What I have found most interesting to me as a writer is how my characters become real people, to me. This is especially true of the characters in my fictional town of Ellisville, Ontario.
When I began the Ellisville Stories—of which there are currently four, featuring Detectives John Turner, Bruce MacDonald and Francie Jenkins, with a fifth one in the works—the first person to introduce himself was John Turner, the senior detective on the town’s police force. He came to me almost fully formed, although bits and pieces of his character were still to be discovered, as the stories progressed.

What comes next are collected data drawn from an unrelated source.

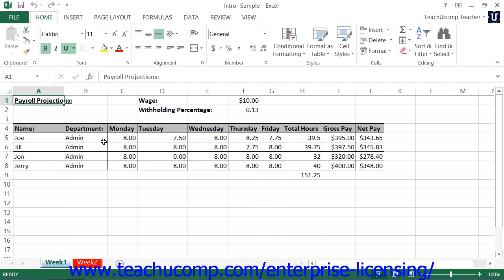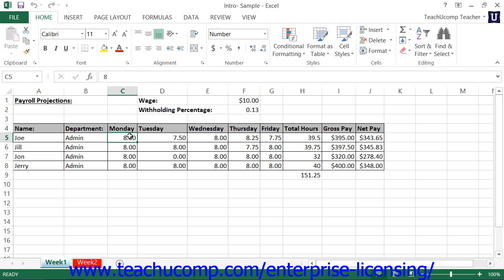Microsoft Excel is a spreadsheet program that you can use to organize and manipulate information. With Excel, you can create worksheets that can perform complex calculations instantly. When the numbers within your worksheet change, Excel can recalculate the answers automatically.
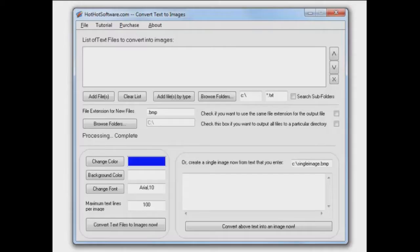Hi, welcome back to HotHotSoftware.com. You ever have a text file or a bunch of text files that you would like to put into an image file, like a bitmap?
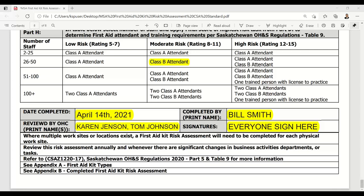Someone asked: where do first aider class requirements come from? Those are defined in the regulations — the Class A and Class B descriptions are in Table 9 of the Saskatchewan OHS Regulations 2020. If one were to scroll near the end to Table 9, you would see the differences between Class A attendance and Class B attendance.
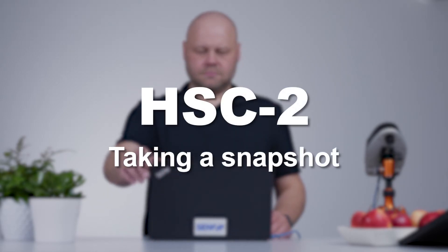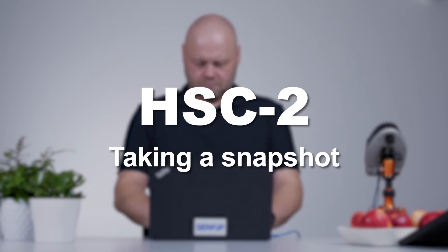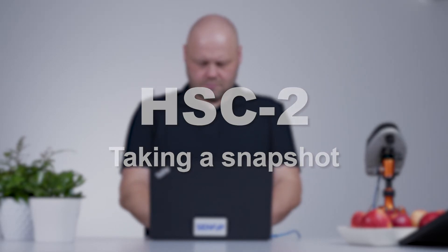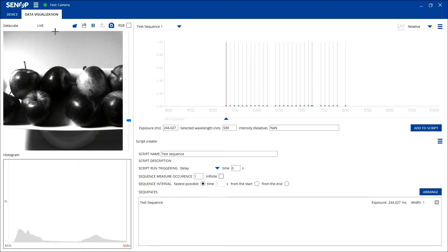Taking a Snapshot with HSC2. The snapshot function on the HSI2 software enables the user to measure one sequence and see the spectrum of the image seen. Go to the Data Visualization tab.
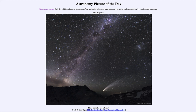Today's picture for August 27th of 2023 is titled Three Galaxies and a Comet. So what do we see here? Well, as you might guess from the title, we see three galaxies and a comet.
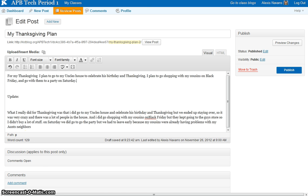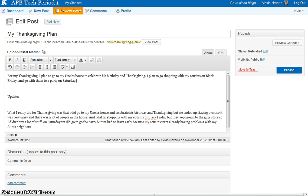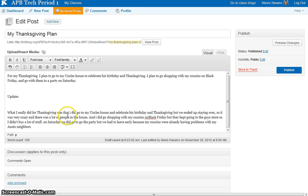For the second paragraph, what I really did for Thanksgiving was that I did go to my uncle's house to celebrate his birthday on Thanksgiving, but we ended up staying at work, so it was very crazy. There was a lot of people in the house, and I did go shopping with my cousins on Black Friday. But they kept going to the guys' store, so I didn't buy a lot of stuff. On Saturday, we did go to the party, but we had to leave early because my cousins were already having problems with my aunt's neighbors.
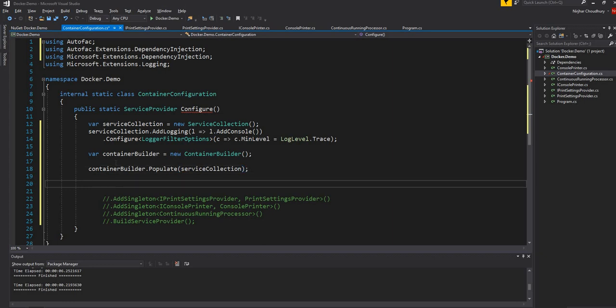Once that is done, the next thing I am going to do is start registering all the classes into the ContainerBuilder.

He said he was “Turner” (although others called him by his first name). I realized that I would call him Turner, not only because that was how he introduced himself but, also, because he is an old-fashioned man in some ways and wouldn’t appreciate people he doesn’t yet know well—including his creator— calling him by his first name. (I grew up with a grandmother who didn’t appreciate familiarity from strangers, so I understood this immediately). Nor would he want me—or anyone—to call him “Mr. Turner” because that was his father, an abusive man who had made Turner’s childhood and his mother’s life a misery. He would hate that association. So, Turner it was and Turner it remains.
Bruce MacDonald, on the other hand, was just Bruce, from the beginning. Although he has as complicated a backstory as his best friend, John, he doesn’t mind if stranger or friend alike calls him Bruce. I have to follow a character’s lead in such things.

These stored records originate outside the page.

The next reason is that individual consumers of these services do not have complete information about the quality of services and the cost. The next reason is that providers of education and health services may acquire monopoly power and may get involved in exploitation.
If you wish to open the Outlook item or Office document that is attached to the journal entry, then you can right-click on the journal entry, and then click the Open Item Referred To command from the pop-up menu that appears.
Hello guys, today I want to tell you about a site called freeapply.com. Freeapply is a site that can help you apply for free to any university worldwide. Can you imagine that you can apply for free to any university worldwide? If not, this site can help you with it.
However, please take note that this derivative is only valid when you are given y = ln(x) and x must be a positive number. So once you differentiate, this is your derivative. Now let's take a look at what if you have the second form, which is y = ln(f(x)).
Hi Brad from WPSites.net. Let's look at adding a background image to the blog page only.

I also have to follow a character’s lead when he or she exposes an unsavory side that I didn’t see coming (this is especially true in my story “A Stranger in The House”, in the September/October issue of Alfred Hitchcock’s Mystery Magazine). I didn’t see the unsavory side of Francie Jenkins, who worked alongside Turner and Bruce for many years, until it appeared in this story.
It was as much a shock to me as it was to Turner, who had quickly advised that Francie Jenkins was the best detective he had ever worked with, as well as a good friend. He trusted her implicitly. Bruce, who for a short time had been in a personal relationship with her, also thought he knew her well. Both men were shaken when Francie turned out to be a stranger to them. So was I.

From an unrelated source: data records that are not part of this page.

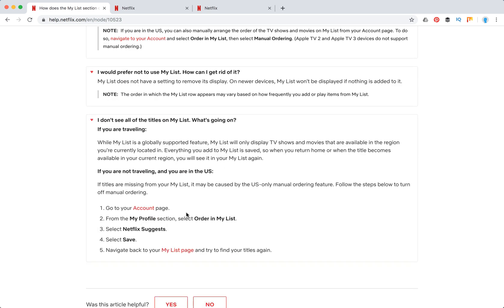And also, if for example you're using Netflix in the US and you added some titles there and you're then going to Europe, you should know that My List only displays TV shows and movies that are available in the region.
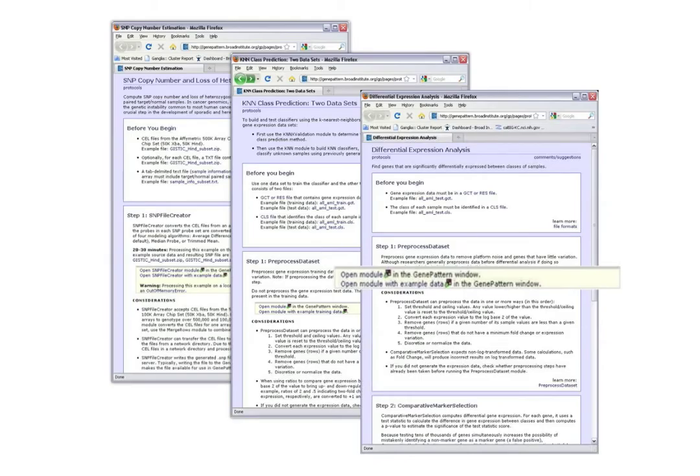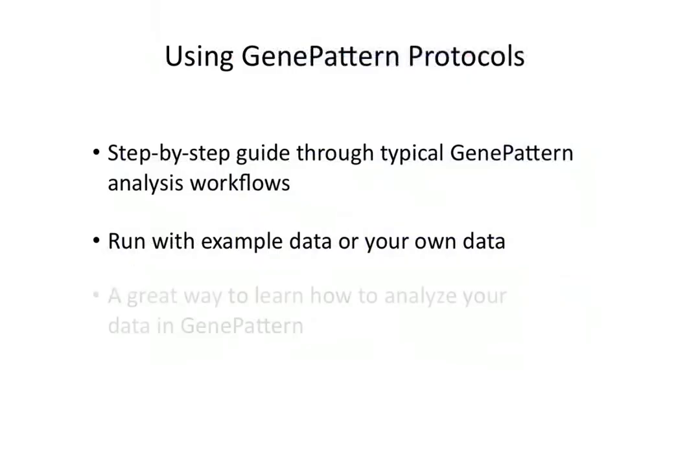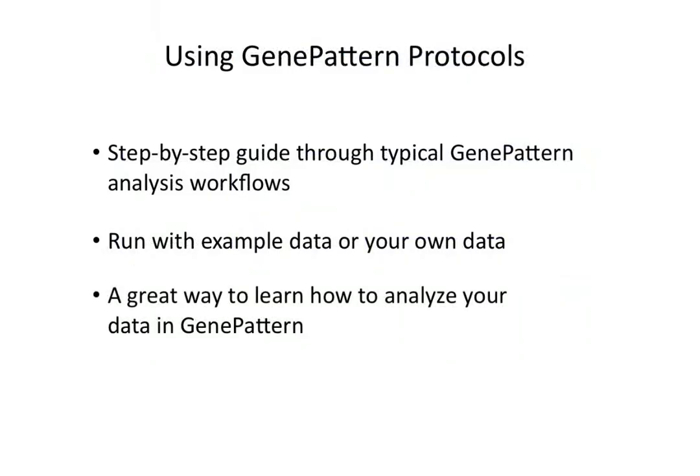For this tutorial, we will only explore one protocol, keeping in mind that all the same kinds of functionality and information are found on the other protocols as well. So let's say we often work with expression data, and we know we are interested in using GenePattern to cluster that data.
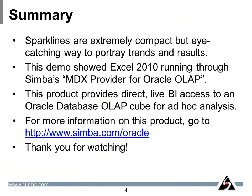So in summary, sparklines are extremely compact but eye-catching ways to portray trends and results. This demo showed Excel 2010 running through Simba's MDX provider for Oracle OLAP product. This product provides direct live BI access to an Oracle database cube for ad hoc analysis from Excel 2010. For more information on this product, go to simba.com slash Oracle. Thank you for watching.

Originally, I hadn’t intended to give her such a prominent role in these stories, as I wanted to concentrate on the relationship between Turner and Bruce, partners at work and friends for decades. I was interested in discovering what a longstanding friendship between two men, carrying burdens of childhood trauma, broken relationships and the deaths of people they loved, might look like.
Then, Francie stepped up and said, “Here I am and I’m not going to take a back seat,” and she quickly came to the fore. I liked her.
When she went over “to the dark side” or, more truthfully, returned to it, I kept trying to figure out a way to lure her back into the light, but by the end of “A Stranger in the House,” I admitted defeat and let her be who she was. To have dismissed that, in hopes of forcing her to be the character I first imagined her to be, would have been to be untrue to her and to the story; still, I mourned Francie, not only because I loved her intelligence and wit but also because of what she first represented to me, a character who believes that things will work out well, in the end. Turner and Bruce were always leery of such as that.
Eventually, though, a character, like a person, shows you their true nature and things work out as they will. I am looking forward, though, to seeing how things work out with these three people in the next Ellisville story.